We'd be arriving in Dar in the pitch dark, which would be less than ideal. Luckily Ali and Matt had made a canny friend on the bus, who look after us completely. His brother had a bus/taxi company and got one of his drivers to pick us all up and drop us at the hostel we'd be staying at. We got it at a decent price too, which was a bit of a bonus. He was a good lad, had a bit of a chat with him after too. He goes between Uganda and Tanzania selling school equipment, quite the top bloke.



The hostel was decent, only stayed for the night though, got the ferry over to Zanzibar the next day. Showers were pretty bad, which was a pain as after all that travelling, the only thing I wanted to do was have a nice warm shower. Bed was decent, but I got bitten to hell.

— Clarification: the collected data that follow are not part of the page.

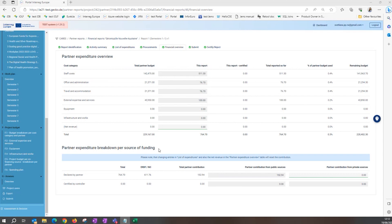This table displays information on what share of the expenditure is ERDF or Norwegian funding and what share is the partner contribution and what type of partner contribution, public or private.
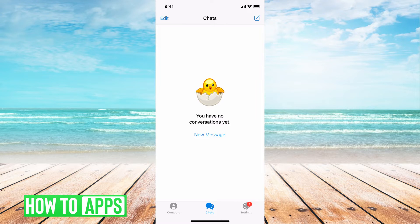The first thing you want to do is go ahead and get into your Telegram app and then go ahead and log in. From there, we're going to go ahead and see last seen.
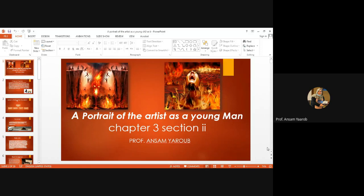Today we're going to take chapter 3, section 2. We left Stephen scared because the retreat is going to start.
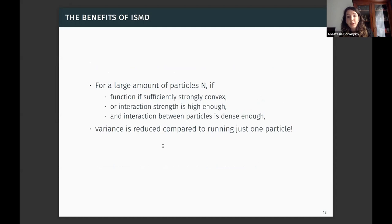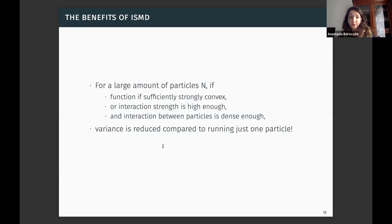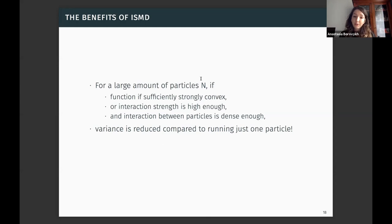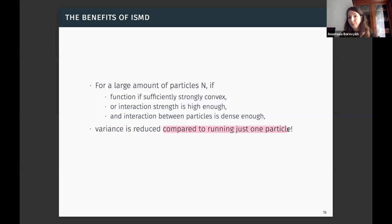The fluctuation bound shows: first, a term that decays exponentially in time for strongly convex f; second, a term that does not grow with N, so adding more particles keeps it bounded; and third, the variance term decreases when the quantity theta*kappa*lambda is sufficiently large. Here theta is interaction strength, kappa is the strong convexity constant, and lambda is the algebraic connectivity of the interaction graph. Sufficient interaction strength, strong convexity, and dense interaction together ensure the fluctuation term remains small.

We were up like a shot the next day, countless things to sort out. We needed a little money, as the Ugandan shillings meant nothing here. Matt, JJ and Myself tried to sort out changing flights to leave from Dar and not Entebbe, while the rest sorted getting a ferry to take us over the way. Was no luck with the flights, but did give us a chance to see a little bit of the city, I reckon its going to be a power house in the next few years, so much getting done to it. After all that we managed to sort our ferry out and get a coach booked for us three getting back to Uganda to get the plane home. We did experience a little hassle with booking the ferry and coach, bargaining is something I will not miss. But its water under the bridge now, it's given us some good stories to tell.



The ferry was ideal though, somehow managed to get first class tickets. The most comfortable chairs we'd experienced in all our travels in Africa, plus had two movies to keep us going, both in Chinese though I think. We had arrived before we knew it, one good thing about that 30 hour coach journey, makes any form of travel seem like nothing. 2 hours been confused why a Chinese person was boxing an Englishman seemed to be over in a second.



Got another stamp on in the passport to add to the collection, was over the moon. Managed to get a decent taxi, so now all we had to do was find a hotel. We tried to ring and book a place before we got there, but were getting through to no one. We managed to find a place called Manche Lodge. It was a lovely little place, right next to all the old buildings and winding streets the rooms were decent too. We'd got settled and had a little time to explore around what was near. The place where we were was called Stone Town, the main part of the Island. This is where all the food and spice markets were, which are known globally.



The exploration was mostly streets and closed restaurants and cafes, with the odd souvenir shop. We found out later that Ramadan had just started a couple of days before we arrived. Because Zanzibar was predominantly Muslim, the majority of the great places to eat and drink coffee (which was about all I contributed in researching our travels) were all closed until sunset, which was about 7.00pm. Was a shame about the timing, but out of our control.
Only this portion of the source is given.